GIVEN INFORMATION:
☆ ☆ ☆
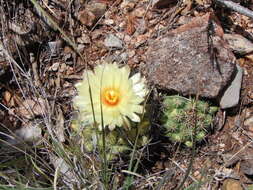 Imagem de Coryphantha pallida subsp. pallida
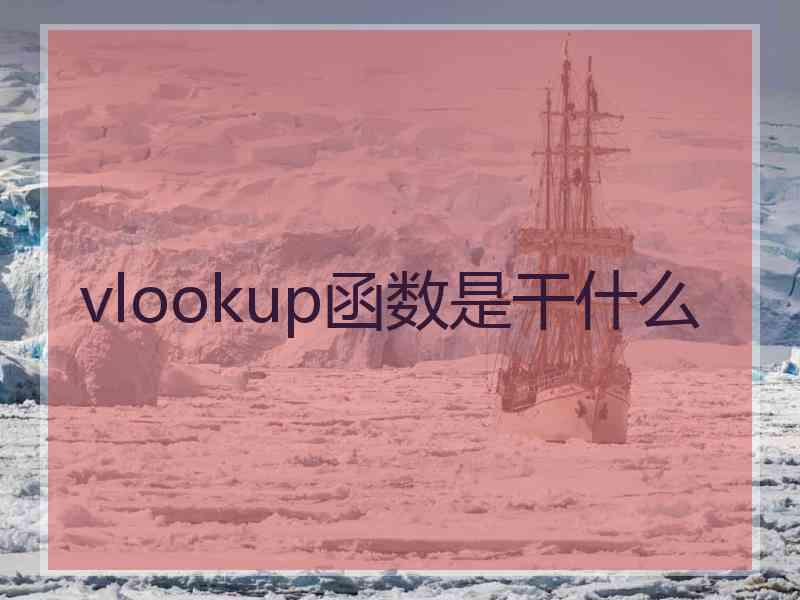 vlookup函数是干什么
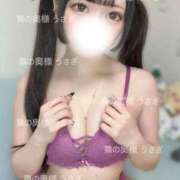 ヒメ日記 2025/08/19 00:13 投稿 うさぎ 隣の奥様 佐久店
☆ ☆ ☆
AIM OF THE TASK:
Retype the data above exactly, dropping every picture.

PROBLEM SOLUTION:
 Imagem de Coryphantha pallida subsp. pallida
 vlookup函数是干什么
 ヒメ日記 2025/08/19 00:13 投稿 うさぎ 隣の奥様 佐久店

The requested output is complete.